Rudolph Hell

Rudolph Hell è un inventore tedesco che nel 1965 ha sviluppato la Digiset 50T1, la prima macchina per la fotocomposizione digitale.

A differenza delle macchine diffuse fino a quel momento, in cui si impressionava la carta o pellicola fotosensibile colpendola con un raggio di luce che passava attraverso una finestrella in cui c’era la forma della lettera in trasparenza, in questo caso si usava un tubo catodico per disegnare la lettera che veniva proiettata sulla pellicola o carta fotosensibile.

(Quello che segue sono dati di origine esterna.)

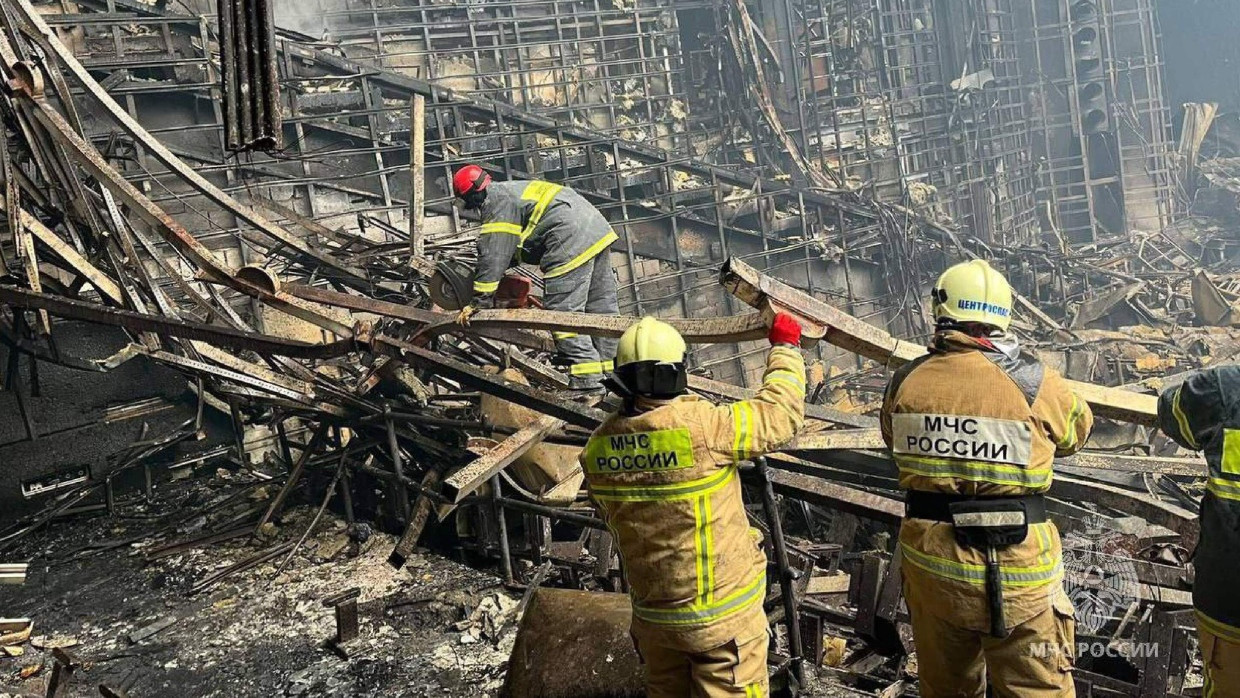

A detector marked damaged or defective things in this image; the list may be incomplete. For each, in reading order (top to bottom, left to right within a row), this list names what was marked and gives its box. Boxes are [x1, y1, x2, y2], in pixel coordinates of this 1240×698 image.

Insomma, se fino a quel momento il font era un oggetto concreto, con la forma delle lettere visibile a occhio nudo, da quel momento in poi il font iniziò ad essere un insieme di informazioni numeriche immagazzinate su un supporto digitale.

I font non erano ancora scalabili, come lo sono oggi, ma erano in formato bitmap.

Per disegnarli c’era bisogno di una griglia in cui ogni quadratino doveva essere impostato ad acceso o spento. Al giorno d’oggi invece il type designer disegna solo il contorno delle lettere utilizzando linee di Bezier di cui vengono memorizzate soltanto le coordinate del punto di partenza, del punto di arrivo e di uno o due punti che controllano la curvatura. Quando poi la lettera viene visualizzata sullo schermo, è il software a calcolare quanti pixel deve essere larga e quali pixel bisogna colorare, con la possibilità di avere anche tonalità intermedie per ammorbidire le curve e i tratti obliqui o sottili.

Il primo font progettato appositamente per la Digiset è il Digi-Grotesk S, realizzato nel 1968 ma commercializzato solo negli anni successivi.

Il Digi-Grotesk è disponibile anche in versione scalabile, ma solo nello stile N Condensed Bold.

Alla voce “disegnatori” My Fonts cita l’Hell Design Studio, di cui il sito fornisce altri due font: Digi Antiqua, serif, e Olympia, monospace.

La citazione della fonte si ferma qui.